**What is needed**
Everything from the line containing "IN SIZE 12 💐" down to the last line of the entries below must be transcribed exactly, and nothing else.

**Material supplied**
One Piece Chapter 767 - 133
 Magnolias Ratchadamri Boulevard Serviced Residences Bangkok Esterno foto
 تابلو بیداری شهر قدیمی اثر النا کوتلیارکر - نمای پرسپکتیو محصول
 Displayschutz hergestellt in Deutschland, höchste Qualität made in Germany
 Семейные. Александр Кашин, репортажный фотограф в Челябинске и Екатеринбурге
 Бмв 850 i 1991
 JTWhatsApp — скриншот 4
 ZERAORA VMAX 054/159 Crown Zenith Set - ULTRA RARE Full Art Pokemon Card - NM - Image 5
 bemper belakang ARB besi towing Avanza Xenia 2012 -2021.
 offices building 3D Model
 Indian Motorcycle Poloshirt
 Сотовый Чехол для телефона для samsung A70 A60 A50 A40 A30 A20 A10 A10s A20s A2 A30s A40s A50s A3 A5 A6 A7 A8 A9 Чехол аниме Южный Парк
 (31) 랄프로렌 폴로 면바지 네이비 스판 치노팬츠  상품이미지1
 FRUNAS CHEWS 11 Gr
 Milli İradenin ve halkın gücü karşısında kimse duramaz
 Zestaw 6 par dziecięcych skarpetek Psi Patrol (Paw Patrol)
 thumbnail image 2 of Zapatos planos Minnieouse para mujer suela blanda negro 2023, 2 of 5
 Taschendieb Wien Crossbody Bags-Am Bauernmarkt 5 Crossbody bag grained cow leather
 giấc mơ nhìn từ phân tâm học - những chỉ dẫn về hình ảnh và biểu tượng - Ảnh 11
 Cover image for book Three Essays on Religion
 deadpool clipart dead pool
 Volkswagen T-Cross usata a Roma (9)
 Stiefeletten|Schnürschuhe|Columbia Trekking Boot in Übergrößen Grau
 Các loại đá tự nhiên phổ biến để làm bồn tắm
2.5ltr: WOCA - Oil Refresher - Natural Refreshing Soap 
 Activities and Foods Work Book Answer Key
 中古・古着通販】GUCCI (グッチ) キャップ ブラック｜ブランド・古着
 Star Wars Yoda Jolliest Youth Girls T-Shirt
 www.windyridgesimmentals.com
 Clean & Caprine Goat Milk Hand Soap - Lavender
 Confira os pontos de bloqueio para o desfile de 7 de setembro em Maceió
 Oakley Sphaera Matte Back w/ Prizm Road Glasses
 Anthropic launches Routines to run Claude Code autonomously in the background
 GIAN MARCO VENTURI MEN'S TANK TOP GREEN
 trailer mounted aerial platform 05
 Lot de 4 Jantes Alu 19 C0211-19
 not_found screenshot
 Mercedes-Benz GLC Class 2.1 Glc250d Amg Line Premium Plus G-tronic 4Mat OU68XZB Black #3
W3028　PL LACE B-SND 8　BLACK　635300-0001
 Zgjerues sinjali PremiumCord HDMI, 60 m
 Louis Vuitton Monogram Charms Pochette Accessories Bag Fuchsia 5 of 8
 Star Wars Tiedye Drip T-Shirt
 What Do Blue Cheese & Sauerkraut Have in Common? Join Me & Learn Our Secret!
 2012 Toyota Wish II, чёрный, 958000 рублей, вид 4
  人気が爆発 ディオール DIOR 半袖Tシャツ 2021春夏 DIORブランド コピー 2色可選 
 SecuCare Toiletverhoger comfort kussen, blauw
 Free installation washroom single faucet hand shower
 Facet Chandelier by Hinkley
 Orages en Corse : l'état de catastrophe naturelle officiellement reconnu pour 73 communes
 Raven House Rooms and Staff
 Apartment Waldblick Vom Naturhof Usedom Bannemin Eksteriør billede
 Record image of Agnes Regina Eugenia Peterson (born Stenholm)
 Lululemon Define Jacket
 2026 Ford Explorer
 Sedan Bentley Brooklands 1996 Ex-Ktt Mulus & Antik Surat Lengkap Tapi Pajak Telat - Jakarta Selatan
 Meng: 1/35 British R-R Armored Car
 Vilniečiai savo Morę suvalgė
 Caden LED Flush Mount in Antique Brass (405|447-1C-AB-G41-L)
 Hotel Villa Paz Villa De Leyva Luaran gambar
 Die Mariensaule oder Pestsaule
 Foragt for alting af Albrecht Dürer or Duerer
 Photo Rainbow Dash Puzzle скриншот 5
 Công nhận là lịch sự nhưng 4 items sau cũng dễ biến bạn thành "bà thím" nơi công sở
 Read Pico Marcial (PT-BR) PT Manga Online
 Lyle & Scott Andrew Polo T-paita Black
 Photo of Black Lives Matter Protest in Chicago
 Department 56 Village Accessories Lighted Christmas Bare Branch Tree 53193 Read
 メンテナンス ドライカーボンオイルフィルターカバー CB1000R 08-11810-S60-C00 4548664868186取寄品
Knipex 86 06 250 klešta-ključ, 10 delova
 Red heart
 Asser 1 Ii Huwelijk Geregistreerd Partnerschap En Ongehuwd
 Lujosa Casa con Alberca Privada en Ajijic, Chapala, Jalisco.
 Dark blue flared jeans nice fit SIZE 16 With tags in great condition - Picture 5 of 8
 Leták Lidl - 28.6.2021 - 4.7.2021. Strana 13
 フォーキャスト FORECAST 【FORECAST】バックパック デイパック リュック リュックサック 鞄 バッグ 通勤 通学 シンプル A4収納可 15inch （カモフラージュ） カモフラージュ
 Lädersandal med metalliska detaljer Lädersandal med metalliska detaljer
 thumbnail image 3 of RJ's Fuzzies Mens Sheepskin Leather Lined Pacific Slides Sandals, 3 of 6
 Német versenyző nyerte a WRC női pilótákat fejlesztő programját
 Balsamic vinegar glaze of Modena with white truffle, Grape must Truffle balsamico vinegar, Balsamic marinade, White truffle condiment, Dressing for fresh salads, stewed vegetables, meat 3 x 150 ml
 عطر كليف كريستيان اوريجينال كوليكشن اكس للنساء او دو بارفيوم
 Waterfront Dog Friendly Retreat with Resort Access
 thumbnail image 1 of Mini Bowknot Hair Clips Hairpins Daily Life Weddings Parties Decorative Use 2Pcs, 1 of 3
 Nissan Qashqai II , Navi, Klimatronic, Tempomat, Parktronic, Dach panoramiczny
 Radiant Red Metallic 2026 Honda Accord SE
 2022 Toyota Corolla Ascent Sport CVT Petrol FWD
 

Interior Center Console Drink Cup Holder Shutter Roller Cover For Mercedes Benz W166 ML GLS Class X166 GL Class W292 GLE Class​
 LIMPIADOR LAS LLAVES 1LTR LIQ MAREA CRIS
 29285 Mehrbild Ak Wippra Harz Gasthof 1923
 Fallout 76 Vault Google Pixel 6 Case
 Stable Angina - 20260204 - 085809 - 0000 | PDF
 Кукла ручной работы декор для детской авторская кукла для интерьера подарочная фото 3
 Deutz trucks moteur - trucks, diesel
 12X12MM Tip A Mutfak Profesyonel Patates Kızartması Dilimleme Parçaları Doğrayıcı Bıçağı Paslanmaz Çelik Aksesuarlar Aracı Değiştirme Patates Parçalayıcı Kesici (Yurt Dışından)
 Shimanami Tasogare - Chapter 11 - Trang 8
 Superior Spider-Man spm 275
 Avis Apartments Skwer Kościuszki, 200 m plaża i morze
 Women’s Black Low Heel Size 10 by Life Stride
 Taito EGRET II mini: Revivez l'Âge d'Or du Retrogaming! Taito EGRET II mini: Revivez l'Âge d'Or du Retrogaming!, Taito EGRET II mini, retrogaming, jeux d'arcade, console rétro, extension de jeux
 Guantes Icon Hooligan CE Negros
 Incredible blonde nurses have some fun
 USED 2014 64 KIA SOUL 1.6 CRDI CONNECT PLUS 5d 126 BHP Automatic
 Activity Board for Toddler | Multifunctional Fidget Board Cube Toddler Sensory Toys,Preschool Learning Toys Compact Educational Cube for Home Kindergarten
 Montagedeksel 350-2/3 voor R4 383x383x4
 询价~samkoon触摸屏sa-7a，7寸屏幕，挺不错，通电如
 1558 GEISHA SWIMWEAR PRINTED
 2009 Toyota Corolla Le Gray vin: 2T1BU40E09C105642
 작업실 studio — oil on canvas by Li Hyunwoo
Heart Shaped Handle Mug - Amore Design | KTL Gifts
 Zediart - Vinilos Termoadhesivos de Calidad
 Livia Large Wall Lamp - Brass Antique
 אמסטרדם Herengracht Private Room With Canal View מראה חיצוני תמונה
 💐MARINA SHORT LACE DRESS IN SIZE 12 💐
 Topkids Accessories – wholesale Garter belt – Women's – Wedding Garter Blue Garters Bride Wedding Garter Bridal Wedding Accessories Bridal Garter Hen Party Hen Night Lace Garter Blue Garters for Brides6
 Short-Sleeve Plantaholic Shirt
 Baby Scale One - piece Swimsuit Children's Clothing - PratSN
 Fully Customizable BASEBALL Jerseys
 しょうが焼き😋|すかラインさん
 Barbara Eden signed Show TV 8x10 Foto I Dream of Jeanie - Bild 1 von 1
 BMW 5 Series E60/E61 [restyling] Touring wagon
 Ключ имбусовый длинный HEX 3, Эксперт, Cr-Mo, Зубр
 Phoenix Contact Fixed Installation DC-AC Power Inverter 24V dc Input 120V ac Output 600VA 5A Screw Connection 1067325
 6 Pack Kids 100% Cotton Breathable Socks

**Task solution**
 💐MARINA SHORT LACE DRESS IN SIZE 12 💐
 Topkids Accessories – wholesale Garter belt – Women's – Wedding Garter Blue Garters Bride Wedding Garter Bridal Wedding Accessories Bridal Garter Hen Party Hen Night Lace Garter Blue Garters for Brides6
 Short-Sleeve Plantaholic Shirt
 Baby Scale One - piece Swimsuit Children's Clothing - PratSN
 Fully Customizable BASEBALL Jerseys
 しょうが焼き😋|すかラインさん
 Barbara Eden signed Show TV 8x10 Foto I Dream of Jeanie - Bild 1 von 1
 BMW 5 Series E60/E61 [restyling] Touring wagon
 Ключ имбусовый длинный HEX 3, Эксперт, Cr-Mo, Зубр
 Phoenix Contact Fixed Installation DC-AC Power Inverter 24V dc Input 120V ac Output 600VA 5A Screw Connection 1067325
 6 Pack Kids 100% Cotton Breathable Socks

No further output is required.